Anti-Porn Bulletin Boards Bombard S.F. Bay Area
SAN FRANCISCO, Calif. — Anti-porn organization Fight the New Drug (FTND), founded by a team of Mormons in Utah, has flooded the Bay Area with 100 billboards proclaiming "Porn Kills Love. Fight for Love."
In just five years, FTND has gathered over a million Facebook followers, more than 21,000 Twitter minions and 60,000-plus Instagram supporters. Backed only by pseudoscience and religious opinion, they allege that porn damages human intimacy by altering brain chemistry.
Adult film actress and activist Siouxsie Q, a San Francisco journalist who runs the popular Whorecast podcast, recently returned from a two-day shoot in Southern California to find a fresh anti-porn billboard plastered a block from her house.
She penned an article in her weekly column titled "Whore Next Door: A Blossoming Romance," about forging a deeper bond with boyfriend Sam Solo during their trip to California, and how the bulletin board shocked her with its inaccurate portrayal of the adult entertainment industry.
"Call it pornomance, homance, or just good old-fashioned young love, but sharing the ups and downs of this crazy business can feel as magical as puppy love at summer camp," Siouxsie Q said. "Big feelings, tiny crises, and unexpected adventures solidify and deepen the bonds between us."
When she saw the eyesore of a bold red bulletin board vividly condemning porn, Siouxsie Q was appalled. "I squeezed Sam's hand as we pulled into the driveway, marveling at how that threatening statement could be so preposterously untrue," said the activist, who received an award nomination for her scene in "San Francisco Lesbians: The Scissr Sex App," a Smash Pictures/Trouble Films collaboration.
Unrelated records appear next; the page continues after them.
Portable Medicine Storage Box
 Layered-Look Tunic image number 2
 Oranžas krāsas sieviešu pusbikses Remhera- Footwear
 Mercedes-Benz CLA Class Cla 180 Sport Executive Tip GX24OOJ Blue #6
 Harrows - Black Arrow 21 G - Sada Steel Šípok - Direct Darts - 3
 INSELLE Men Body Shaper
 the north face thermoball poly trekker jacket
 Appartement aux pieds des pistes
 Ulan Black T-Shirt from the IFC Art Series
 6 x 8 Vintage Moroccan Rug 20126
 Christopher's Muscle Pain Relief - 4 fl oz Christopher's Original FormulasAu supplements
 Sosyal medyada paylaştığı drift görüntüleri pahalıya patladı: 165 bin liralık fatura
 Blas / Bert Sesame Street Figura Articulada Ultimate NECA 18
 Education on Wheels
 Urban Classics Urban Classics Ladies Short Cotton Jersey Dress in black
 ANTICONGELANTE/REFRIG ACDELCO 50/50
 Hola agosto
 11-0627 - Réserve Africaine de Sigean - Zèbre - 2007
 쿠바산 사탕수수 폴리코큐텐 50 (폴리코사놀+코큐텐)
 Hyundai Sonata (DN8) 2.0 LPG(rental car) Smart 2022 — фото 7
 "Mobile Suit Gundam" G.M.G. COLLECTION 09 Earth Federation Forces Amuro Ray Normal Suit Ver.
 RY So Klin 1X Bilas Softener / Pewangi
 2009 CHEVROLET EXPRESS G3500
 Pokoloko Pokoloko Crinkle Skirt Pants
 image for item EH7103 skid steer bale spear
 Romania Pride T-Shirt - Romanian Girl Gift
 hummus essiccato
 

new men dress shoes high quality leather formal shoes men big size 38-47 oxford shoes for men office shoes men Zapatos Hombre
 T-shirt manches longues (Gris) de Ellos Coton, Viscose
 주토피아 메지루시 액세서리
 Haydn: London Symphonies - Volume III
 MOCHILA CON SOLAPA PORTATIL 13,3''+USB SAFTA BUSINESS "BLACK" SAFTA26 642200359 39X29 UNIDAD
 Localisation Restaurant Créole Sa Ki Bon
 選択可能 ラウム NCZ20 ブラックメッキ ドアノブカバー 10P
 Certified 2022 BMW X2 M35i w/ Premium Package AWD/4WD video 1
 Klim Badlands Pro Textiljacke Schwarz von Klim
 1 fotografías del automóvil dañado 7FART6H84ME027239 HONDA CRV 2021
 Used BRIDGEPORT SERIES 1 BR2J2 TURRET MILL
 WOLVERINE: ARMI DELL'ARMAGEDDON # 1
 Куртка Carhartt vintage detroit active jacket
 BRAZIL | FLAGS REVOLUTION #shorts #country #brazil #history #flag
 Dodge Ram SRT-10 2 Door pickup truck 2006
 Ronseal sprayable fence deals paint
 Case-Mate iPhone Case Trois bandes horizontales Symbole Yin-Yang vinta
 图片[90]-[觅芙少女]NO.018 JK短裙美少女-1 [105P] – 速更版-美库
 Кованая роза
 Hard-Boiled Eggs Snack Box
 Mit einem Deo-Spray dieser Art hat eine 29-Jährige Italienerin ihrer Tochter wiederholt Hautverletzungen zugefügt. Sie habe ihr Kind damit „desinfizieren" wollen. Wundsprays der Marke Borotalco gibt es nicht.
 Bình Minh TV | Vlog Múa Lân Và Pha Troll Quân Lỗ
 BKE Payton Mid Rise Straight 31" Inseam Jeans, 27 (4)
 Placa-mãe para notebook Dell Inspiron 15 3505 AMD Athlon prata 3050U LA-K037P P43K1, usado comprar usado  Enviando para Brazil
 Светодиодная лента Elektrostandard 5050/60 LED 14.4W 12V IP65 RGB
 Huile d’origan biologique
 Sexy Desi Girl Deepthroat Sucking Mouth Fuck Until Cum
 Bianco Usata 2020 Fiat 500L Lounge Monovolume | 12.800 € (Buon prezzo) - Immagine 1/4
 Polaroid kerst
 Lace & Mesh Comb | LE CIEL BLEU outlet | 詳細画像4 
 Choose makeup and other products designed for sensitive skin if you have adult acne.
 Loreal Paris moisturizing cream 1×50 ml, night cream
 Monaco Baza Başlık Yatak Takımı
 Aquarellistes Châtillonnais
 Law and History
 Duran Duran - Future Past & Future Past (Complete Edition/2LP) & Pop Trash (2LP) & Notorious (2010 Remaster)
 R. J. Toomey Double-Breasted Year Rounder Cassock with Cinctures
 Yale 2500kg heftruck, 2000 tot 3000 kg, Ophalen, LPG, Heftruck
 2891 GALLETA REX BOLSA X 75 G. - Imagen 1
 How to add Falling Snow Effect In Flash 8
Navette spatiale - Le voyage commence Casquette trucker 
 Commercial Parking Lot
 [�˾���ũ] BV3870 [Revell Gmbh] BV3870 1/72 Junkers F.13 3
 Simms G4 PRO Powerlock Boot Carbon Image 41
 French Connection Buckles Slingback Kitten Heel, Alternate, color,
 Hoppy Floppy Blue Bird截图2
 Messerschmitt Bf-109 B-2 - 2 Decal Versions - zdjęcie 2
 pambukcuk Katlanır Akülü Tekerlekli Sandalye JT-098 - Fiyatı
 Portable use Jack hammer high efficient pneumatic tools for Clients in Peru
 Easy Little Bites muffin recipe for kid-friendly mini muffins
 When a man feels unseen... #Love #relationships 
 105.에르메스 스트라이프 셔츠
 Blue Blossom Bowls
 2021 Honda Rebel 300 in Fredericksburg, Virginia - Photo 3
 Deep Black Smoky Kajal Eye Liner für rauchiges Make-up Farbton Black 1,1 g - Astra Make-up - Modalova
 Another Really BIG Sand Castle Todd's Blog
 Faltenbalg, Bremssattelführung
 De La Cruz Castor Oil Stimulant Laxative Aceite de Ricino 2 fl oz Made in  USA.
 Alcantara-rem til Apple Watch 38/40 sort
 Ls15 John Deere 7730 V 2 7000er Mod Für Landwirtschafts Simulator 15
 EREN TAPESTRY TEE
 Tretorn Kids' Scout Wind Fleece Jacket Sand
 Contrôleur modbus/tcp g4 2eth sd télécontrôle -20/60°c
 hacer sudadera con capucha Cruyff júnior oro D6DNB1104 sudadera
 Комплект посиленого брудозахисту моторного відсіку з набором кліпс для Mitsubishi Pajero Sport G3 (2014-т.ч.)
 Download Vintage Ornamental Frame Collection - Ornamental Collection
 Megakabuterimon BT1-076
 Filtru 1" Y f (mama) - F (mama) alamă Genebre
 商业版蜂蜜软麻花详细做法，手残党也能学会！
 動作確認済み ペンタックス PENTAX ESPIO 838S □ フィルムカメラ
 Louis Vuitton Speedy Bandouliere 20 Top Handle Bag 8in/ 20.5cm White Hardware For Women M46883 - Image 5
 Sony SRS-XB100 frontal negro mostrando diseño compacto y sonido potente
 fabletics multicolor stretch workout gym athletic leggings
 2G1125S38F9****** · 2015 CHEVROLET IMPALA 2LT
While such evangelizing may seem innocuous, if left unchecked, it can lead to legislative censorship via ballot propositions or public pressure on elected representatives. When a Utah-based puritanical campaign imposed its sexual morality on Californians in 2008, the heavily Mormon-funded Proposition 8 ended up banning same-sex marriage. While the Obergefell v. Hodges Supreme Court case eventually legalized gay marriage nationwide, recent porn crackdowns in countries like the United Kingdom highlight the importance of constant vigilance for the adult entertainment industry to defend its own interests.